I don’t have much faith in Google’s (or any other engine’s, for that matter) estimated number of results, and I’ve held this view for a long time. I believe it to be a wildly inaccurate number. If you think about it, why would a search engine put a lot of effort or processing power into really nailing that number, since searchers (with the notable exception of SEOs) could care less if there are 100 thousand results or 100 million results returned; they only really care what’s in the top 10. So it’s fraught with problems to use the estimated number of results as a basis for any SEO metrics. Yet SEOs use the number all the time, for things such as: indexation (a site: query), link popularity (a link: query), and keyword competition (e.g. KEI score, or Keyword Effectiveness Indicator). If we can’t trust the estimated numbers for such metrics, then we should probably move on to find other SEO metrics that we can trust. Yet indexation remains a metric we should care about. So how does one go about checking a site’s Google indexation levels without relying on the demonstrable inaccuracy of Google’s estimated results? Don’t expect it from Google Webmaster Central, although that would be nice. For Webmaster Central’s “Index stats” under the “Statistics” tab, you’ll only find links to Google SERPs for site:, link:, cache:, info:, and related: queries. I’d love it if the Webmaster Central team added reliable stats here that weren’t simply based on estimated results in the SERPs. If they did, it still wouldn’t provide me with trustworthy indexation numbers for sites of which I’m not a verified owner/webmaster. I’d need another solution. At this point the only solution I can think of for getting an exact count of your indexation in Google is to query for each individual URL, then sum all results together. You’d have to write a script to hammer away at Google — via the SOAP API if you’re lucky enough to have some old keys (Google discontinued offering websearch API keys), or by scraping the Google SERPs. Remember: to check if a page is indexed in Google, don’t use the bare URL as the query, prepend it with cache: or info:. So, to see if http://www.ifloor.com/gs/cat-8-hardwood-floors-1.html is indexed, you’d query for “cache:http://www.ifloor.com/gs/cat-8-hardwood-floors-1.html“.
I see your point. Google only lets you view the first 1000 results. So then why bother doing a headcount if it wastes CPU cycles?
Unfortunately, I’ve noticed some weird things about Google, so I’m not sure if you can trust the cache:xyz. When I first got a website indexed in Google, Google indexed it sporadically. However, I noticed one peculiarity. The cache had a 5 day old version of the site. However, in the description, I saw that it had content that was only 2 days old.
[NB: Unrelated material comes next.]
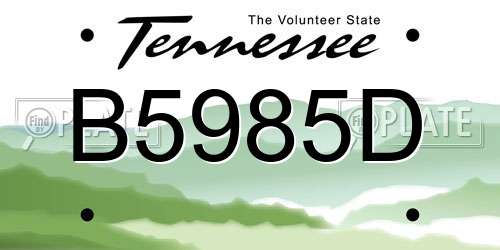 B5985D Tennessee License Plate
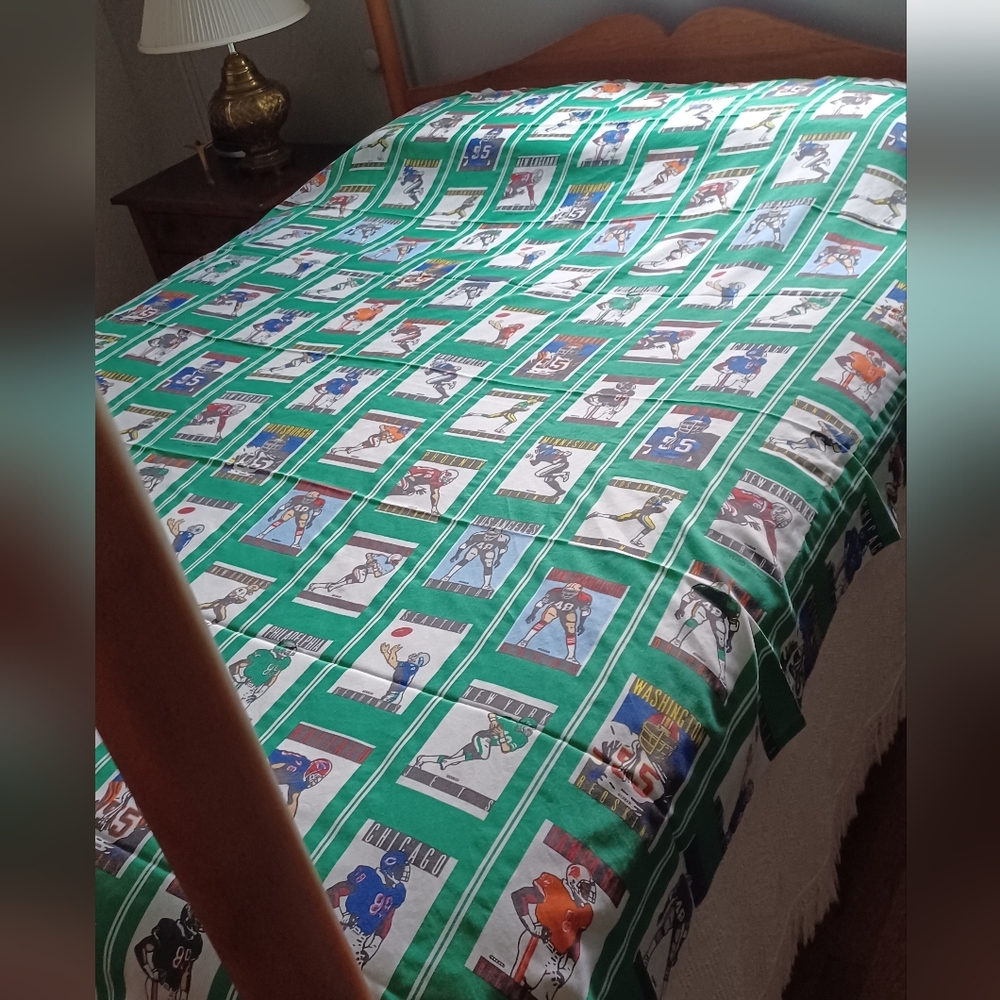 Vintage 80s NFL green team logo twin bed flat sheet 1989 Made in the USA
I’m not sure what happened, but Google is weird. I’m not so sure that using Cache:xyz is very accurate either.
As a further note:
I had a site which I prohibited Google from visiting via robots.txt. However, it still had the site in their index – only with the site URL though. I could search for the site via the site URL (without the .com), and I could see info:mysite.com. However, cache:mysite.com did not work, as expected. As I said, Google is weird.